EXERCISE DIRECTIONS =>
Below are some records; output exactly the lines from the line with "اردوی یک روزه" to the line with "Nikki Chu - Leopard", both ends kept, and nothing more.

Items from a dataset
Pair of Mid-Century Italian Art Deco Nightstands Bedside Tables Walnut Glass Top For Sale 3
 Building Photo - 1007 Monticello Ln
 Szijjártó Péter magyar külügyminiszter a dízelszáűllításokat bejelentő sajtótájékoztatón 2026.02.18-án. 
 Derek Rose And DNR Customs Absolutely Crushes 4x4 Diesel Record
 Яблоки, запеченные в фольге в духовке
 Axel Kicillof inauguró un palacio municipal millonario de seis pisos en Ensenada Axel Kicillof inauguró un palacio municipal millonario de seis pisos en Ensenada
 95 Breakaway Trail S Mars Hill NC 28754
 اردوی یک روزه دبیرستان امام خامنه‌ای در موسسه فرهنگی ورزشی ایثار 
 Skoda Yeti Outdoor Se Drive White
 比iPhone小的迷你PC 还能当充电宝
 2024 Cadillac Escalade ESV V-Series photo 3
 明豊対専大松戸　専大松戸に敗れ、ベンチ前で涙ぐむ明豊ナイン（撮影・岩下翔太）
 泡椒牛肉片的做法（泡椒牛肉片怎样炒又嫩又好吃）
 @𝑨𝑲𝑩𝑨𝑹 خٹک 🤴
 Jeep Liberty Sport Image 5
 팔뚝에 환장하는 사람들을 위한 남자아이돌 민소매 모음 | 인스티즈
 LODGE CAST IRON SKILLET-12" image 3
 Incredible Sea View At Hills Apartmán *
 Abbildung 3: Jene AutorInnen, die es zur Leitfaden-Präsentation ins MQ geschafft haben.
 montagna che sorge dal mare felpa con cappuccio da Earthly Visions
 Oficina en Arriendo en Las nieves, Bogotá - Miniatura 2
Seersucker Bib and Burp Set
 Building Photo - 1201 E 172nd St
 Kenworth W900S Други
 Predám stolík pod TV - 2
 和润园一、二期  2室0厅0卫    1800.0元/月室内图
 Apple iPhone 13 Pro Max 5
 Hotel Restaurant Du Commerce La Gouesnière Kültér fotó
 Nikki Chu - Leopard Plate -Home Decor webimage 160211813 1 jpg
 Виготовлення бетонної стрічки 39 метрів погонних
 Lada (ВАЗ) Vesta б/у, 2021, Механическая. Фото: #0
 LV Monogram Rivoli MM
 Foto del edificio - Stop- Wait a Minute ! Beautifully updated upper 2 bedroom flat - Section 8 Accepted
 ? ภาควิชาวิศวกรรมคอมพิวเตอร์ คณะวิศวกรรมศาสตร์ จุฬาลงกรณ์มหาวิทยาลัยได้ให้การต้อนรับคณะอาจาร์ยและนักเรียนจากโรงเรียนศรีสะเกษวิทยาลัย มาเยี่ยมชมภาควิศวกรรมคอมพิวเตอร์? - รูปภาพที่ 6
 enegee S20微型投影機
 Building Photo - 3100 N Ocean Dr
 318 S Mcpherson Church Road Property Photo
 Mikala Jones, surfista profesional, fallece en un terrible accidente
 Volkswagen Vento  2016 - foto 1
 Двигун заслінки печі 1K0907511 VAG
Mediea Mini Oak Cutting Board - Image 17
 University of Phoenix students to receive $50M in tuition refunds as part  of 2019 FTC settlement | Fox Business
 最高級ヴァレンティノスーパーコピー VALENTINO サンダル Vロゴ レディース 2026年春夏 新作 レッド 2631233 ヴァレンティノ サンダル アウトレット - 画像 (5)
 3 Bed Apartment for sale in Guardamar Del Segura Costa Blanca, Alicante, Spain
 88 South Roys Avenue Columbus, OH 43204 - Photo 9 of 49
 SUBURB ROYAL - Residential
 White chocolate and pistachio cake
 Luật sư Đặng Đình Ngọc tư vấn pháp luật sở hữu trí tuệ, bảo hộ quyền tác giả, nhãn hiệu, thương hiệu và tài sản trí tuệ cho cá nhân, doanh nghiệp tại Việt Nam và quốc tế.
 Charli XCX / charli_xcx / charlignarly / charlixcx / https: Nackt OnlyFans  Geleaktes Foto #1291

YOUR SOLUTION =>
 اردوی یک روزه دبیرستان امام خامنه‌ای در موسسه فرهنگی ورزشی ایثار 
 Skoda Yeti Outdoor Se Drive White
 比iPhone小的迷你PC 还能当充电宝
 2024 Cadillac Escalade ESV V-Series photo 3
 明豊対専大松戸　専大松戸に敗れ、ベンチ前で涙ぐむ明豊ナイン（撮影・岩下翔太）
 泡椒牛肉片的做法（泡椒牛肉片怎样炒又嫩又好吃）
 @𝑨𝑲𝑩𝑨𝑹 خٹک 🤴
 Jeep Liberty Sport Image 5
 팔뚝에 환장하는 사람들을 위한 남자아이돌 민소매 모음 | 인스티즈
 LODGE CAST IRON SKILLET-12" image 3
 Incredible Sea View At Hills Apartmán *
 Abbildung 3: Jene AutorInnen, die es zur Leitfaden-Präsentation ins MQ geschafft haben.
 montagna che sorge dal mare felpa con cappuccio da Earthly Visions
 Oficina en Arriendo en Las nieves, Bogotá - Miniatura 2
Seersucker Bib and Burp Set
 Building Photo - 1201 E 172nd St
 Kenworth W900S Други
 Predám stolík pod TV - 2
 和润园一、二期  2室0厅0卫    1800.0元/月室内图
 Apple iPhone 13 Pro Max 5
 Hotel Restaurant Du Commerce La Gouesnière Kültér fotó
 Nikki Chu - Leopard Plate -Home Decor webimage 160211813 1 jpg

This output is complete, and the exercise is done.